THE PROBLEM:
Each line between the one holding "TerraTrip 303 GeoTrip V4 Tripmeter T003G" and the end of the material below, both included, is to be transcribed word for word, with pictures left out.

INFORMATION PROVIDED:
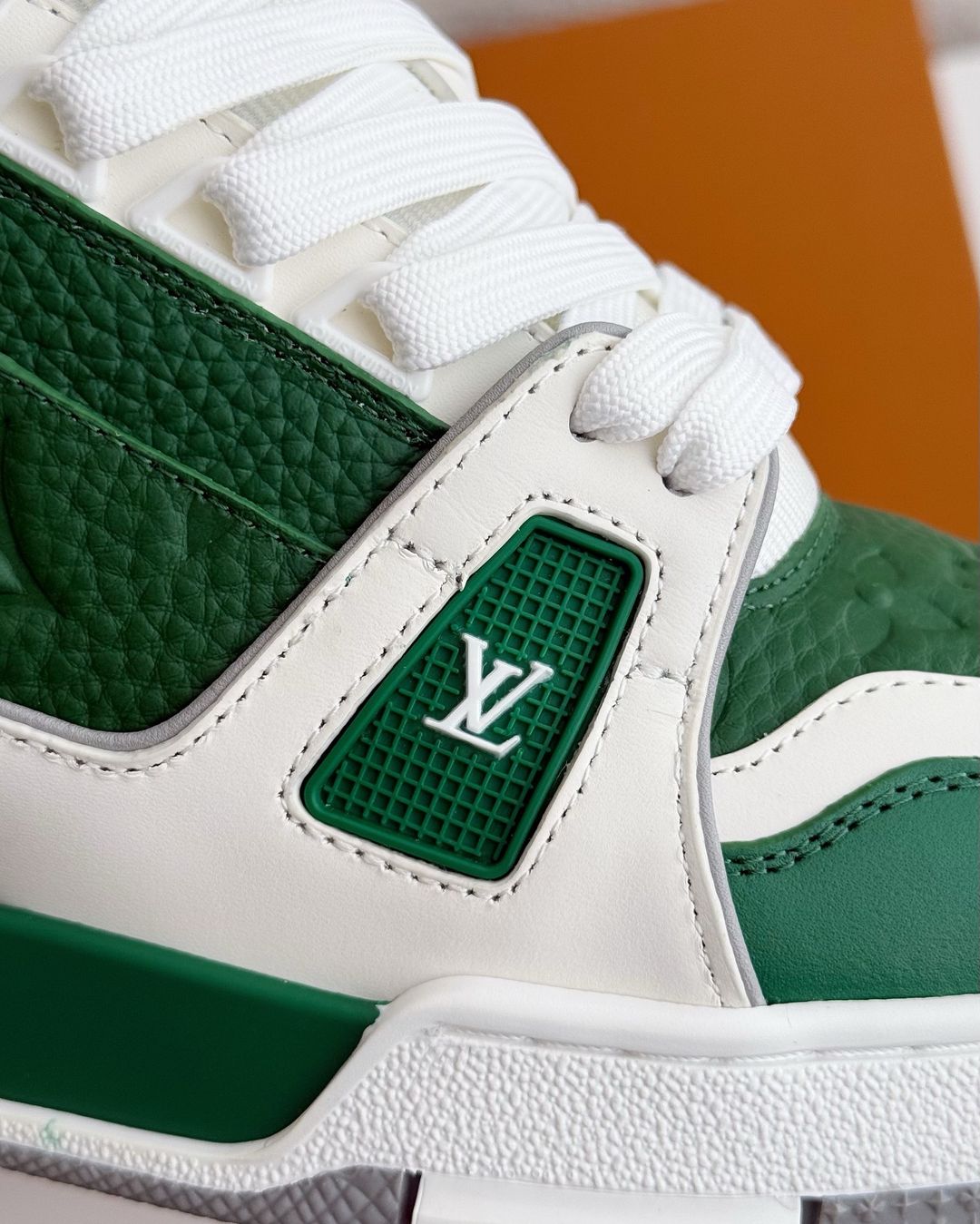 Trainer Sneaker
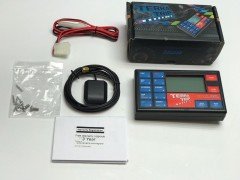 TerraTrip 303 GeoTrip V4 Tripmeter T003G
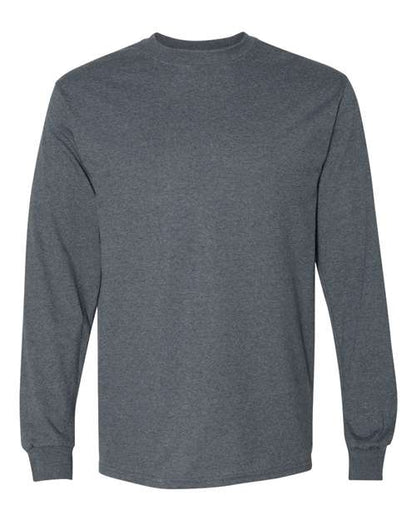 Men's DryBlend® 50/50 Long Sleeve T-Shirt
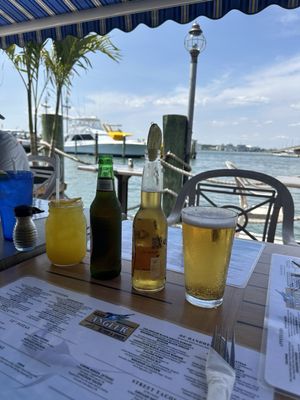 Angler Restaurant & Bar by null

FINISHED TASK:
 TerraTrip 303 GeoTrip V4 Tripmeter T003G
 Men's DryBlend® 50/50 Long Sleeve T-Shirt
 Angler Restaurant & Bar by null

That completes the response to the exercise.